We shot green screen on different days…

What the viewer will ultimately see, then, is an illusion of lovers (and love), manipulated by technology and the scraps (quotations) from other films (‘our foggy breath was lifted from Titanic’). It reminds us of Barthes’ notion of literature in ‘Death of the Author’ as an endless tissue of quotations where even the phrase ‘I love you’ is merely a cliché lifted from the storehouse of language. Yet despite the fact that we are exposed to the artistic ‘lie’ or Baudrillard-like simulacrum of reality (Paris waited / to be pixellated, cut and pasted) Barraclough shifts the tenor of the poem’s ending to a kind of mock-gothic romanticism inhabited by the ghostly shadow of love:

But we’ll always have Paris,
although our eye lines never matched
and everything we tried to hold onto
our phantom fingers passed clean through.

The world may well be insubstantial but it is in our nature to hold onto something even if that something cannot be truly grasped.

‘Zabriskie Point’ is based on the Italian director, Antonioni’s great US-made box-office flop. It concerns the reception of the two amateur, non-actor, leads:

The couple, beautiful and blank, will sweat beneath the TV lights;
piñatas for the practiced brickbats of syndicated chat
and sniffy critics damning them for not convincing as themselves.

Through critical eyes, it is as if art demands that one cannot simply ‘be oneself’; that we can only be convincing by acting to be oneself.

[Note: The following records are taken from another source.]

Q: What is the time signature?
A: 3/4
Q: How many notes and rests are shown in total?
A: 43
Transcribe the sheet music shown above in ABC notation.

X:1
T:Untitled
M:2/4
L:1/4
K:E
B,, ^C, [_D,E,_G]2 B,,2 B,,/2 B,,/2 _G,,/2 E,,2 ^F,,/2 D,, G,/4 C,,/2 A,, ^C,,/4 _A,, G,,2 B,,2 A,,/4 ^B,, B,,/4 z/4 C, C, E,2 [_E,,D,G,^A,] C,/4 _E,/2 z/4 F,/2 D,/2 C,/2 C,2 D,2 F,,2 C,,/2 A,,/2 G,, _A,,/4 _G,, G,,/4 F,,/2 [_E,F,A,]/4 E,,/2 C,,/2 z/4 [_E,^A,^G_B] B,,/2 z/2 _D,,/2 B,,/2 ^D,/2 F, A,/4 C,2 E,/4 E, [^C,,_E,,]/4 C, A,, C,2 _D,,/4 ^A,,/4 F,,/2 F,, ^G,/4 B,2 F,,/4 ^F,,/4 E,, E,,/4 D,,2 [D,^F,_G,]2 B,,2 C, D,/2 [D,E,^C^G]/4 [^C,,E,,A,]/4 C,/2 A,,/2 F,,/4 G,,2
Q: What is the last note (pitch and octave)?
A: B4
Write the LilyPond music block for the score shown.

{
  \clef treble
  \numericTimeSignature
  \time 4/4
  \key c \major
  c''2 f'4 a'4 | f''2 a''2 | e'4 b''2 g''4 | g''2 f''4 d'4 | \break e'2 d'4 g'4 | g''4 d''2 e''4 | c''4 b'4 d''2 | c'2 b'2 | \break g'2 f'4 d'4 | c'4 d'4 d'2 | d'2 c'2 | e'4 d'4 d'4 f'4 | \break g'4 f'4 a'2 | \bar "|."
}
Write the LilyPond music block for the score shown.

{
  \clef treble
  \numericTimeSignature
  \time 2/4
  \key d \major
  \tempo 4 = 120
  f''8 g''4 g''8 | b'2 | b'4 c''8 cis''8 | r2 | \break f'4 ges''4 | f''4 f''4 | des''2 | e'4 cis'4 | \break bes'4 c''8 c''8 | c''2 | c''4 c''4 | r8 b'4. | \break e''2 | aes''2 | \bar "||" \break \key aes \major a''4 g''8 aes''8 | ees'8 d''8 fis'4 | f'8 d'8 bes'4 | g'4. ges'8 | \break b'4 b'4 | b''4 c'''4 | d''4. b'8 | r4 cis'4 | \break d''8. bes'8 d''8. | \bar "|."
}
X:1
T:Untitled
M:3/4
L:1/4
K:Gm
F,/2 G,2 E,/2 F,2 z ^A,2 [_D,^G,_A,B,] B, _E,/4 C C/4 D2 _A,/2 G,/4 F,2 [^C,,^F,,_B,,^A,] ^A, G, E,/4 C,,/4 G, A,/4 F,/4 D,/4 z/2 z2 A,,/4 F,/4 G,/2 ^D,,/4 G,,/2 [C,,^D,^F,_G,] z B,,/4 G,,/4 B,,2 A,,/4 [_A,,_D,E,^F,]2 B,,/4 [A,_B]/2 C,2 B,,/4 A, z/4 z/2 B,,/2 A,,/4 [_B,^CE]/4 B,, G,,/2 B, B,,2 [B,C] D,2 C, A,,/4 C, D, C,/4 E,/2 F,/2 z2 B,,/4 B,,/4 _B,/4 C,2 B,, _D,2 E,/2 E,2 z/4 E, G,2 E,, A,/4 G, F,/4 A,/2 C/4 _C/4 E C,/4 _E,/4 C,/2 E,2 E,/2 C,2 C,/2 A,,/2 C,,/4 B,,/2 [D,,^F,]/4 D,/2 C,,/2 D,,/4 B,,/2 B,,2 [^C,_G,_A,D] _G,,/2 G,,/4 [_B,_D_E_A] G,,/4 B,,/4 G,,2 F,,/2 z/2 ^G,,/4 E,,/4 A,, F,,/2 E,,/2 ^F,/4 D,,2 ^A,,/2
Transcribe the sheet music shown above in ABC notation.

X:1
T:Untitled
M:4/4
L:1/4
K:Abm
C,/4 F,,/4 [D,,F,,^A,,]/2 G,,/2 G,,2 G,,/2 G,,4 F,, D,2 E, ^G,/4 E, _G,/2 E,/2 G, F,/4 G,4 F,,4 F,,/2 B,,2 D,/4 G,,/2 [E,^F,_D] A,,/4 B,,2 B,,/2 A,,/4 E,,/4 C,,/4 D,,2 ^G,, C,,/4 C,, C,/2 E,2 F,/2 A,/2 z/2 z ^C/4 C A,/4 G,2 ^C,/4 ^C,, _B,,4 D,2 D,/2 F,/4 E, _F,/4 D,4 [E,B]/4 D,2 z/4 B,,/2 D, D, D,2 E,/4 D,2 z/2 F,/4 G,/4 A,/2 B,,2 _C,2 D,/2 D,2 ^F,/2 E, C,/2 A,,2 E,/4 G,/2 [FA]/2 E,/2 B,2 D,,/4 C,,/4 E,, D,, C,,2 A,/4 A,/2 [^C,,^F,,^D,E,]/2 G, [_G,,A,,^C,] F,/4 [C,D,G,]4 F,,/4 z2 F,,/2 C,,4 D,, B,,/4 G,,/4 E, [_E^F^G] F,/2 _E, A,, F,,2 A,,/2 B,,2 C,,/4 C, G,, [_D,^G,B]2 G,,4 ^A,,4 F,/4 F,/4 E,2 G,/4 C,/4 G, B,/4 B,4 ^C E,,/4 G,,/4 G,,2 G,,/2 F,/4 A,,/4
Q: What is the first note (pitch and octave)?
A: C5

It is a paradox, then, that reality is only convincing or authentic through pretence. Again, we are faced with that Baudrillardian ‘hyperreality’ in which the simulacrum is no mere copy but reality itself. But Barraclough doesn’t let it hang there, the negative critical reception of the film and the actors in particular may have had a more ‘real’, lasting effect on its all-too-human protagonists. In particular the troubled Mark Frechette who died under suspicious circumstances at the age of 27:

And even after forty years the online commentators sneer and revel
in the early death of Mark Frechette who walked off set to meet
the double of his unknown self and stepped into its silhouette.

And here is the heart of the matter—representative of the collection as a whole—that however much we theorize about the allusive postmodern condition and the ‘reality of reality’ or the difficulties of the quantum state of nature and the vastness of the universe, at the centre of it all stands the fragile, inquisitive, playful, loving, corporeal human being. Neptune Blue is a dazzlingly inventive collection and a worthy successor to Barraclough’s critically acclaimed first collection. It is a book with a tongue in its cheek, its head way above the clouds and its feet firmly on that ‘blue-green baubled gobsmacker’ we call earth.